I turn my gaze toward the urn and close my eyes, imagining Ben in the very spot where I’m standing, but he’s got his hands in mine and that winning smile on his face, and we’re saying our vows, so foolishly certain of forever.

“I miss you, Ben.” My voice wavers. “I’ll miss you for the rest of my life. I miss you and I love you, but, as Grace told me just before, I know that I can hear you and feel you, if I just listen hard enough. Thank you, Ben. Thank you for… making my life feel easy and blessed, for the first time in twenty-six years. I’ll never forget you and I’ll never forget that, no matter how hard it gets from here on out. Thank you.”

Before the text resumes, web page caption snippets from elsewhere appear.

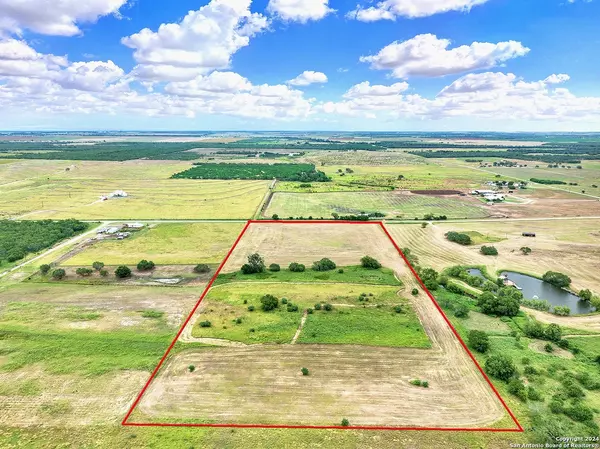 Floresville, TX 78114,3192 atascosa county road 101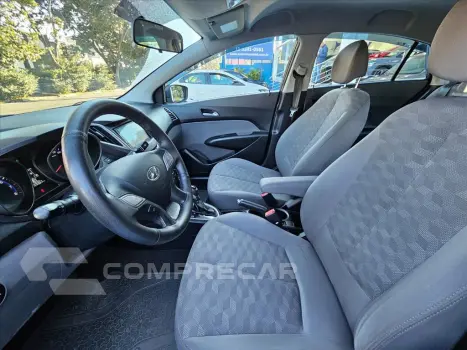 HB20S 1.6 COMFORT PLUS 16V FLEX 4P AUTOMÁTICO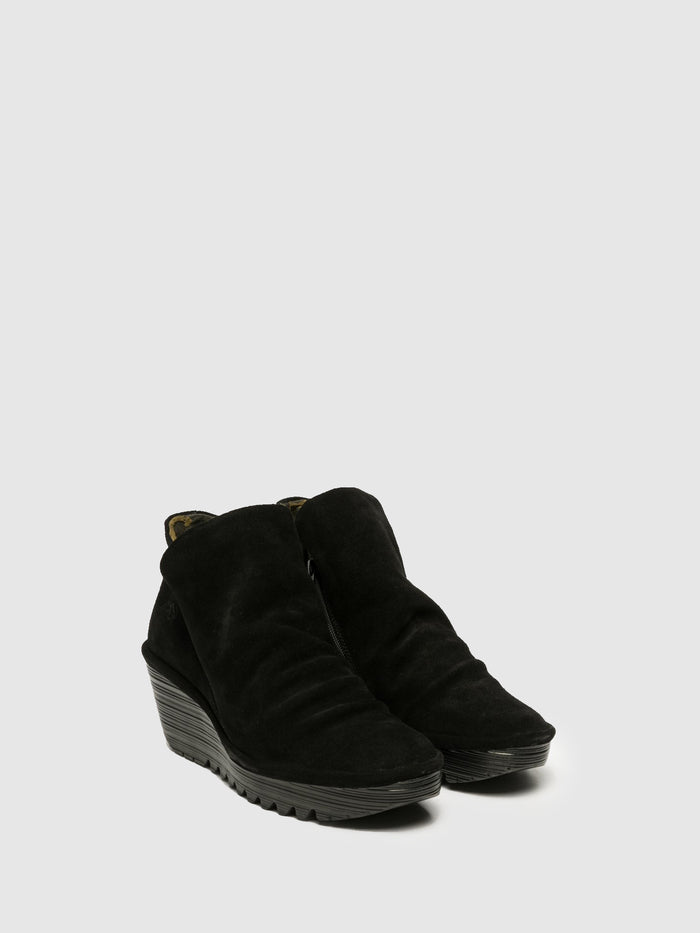 Flowfold Zip Up Ankle Boots YIP BLACK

Shy applause rises up from the congregation. I guess no one knows if they’re supposed to clap at a funeral, but they can celebrate Ben however they want to. They’re already casting off convention with their bright colors, so I say let them clap, let them cheer, let them drink and laugh and share stories of him, as if he’s still here.

Listening to the crashing wave of the applause growing louder, I find I have more to say, but this part is just for me and Ben. I’ll watch your little girl grow up and I’ll make sure that I’m a part of her life, in some way. She’s you, Ben. She’s the best part of the life you’ve left behind, and I swear I’ll be whatever she needs me to be. I wish we could’ve all met sooner, I wish you hadn’t taken the motorcycle that night, or that you could’ve stayed. I still don’t understand why you couldn’t, but, as Ms. T keeps telling me, no one has the answer to that. And if Ms. T doesn’t have the answer, no one does. It’s early days and time is going by in a haze but I’m going to try to live, as best I can, for you. So I have some stories to tell you, if nothing else, when we meet again. I love you, Ben. I love you.

With that, I take a step toward the urn and press my hand to its surface. It’s warmed by the sun, but it’ll never be as warm as his skin. It’s empty, and it should be, because he’s not there. He’s in the swaying leaves of the guardian cypress, the ripple of the bayou, the taste of spicy crawfish, the creak of the porch, the growl of thunder. He’s everywhere and nowhere, but always in my heart.

Swallowing thickly, I walk away from the altar and set Grace down: her hands slipping into mine and her mom’s. We’re an odd family, for sure, with Ms. T acting as a surrogate grandma, but I know we are one. Bound for life, through death.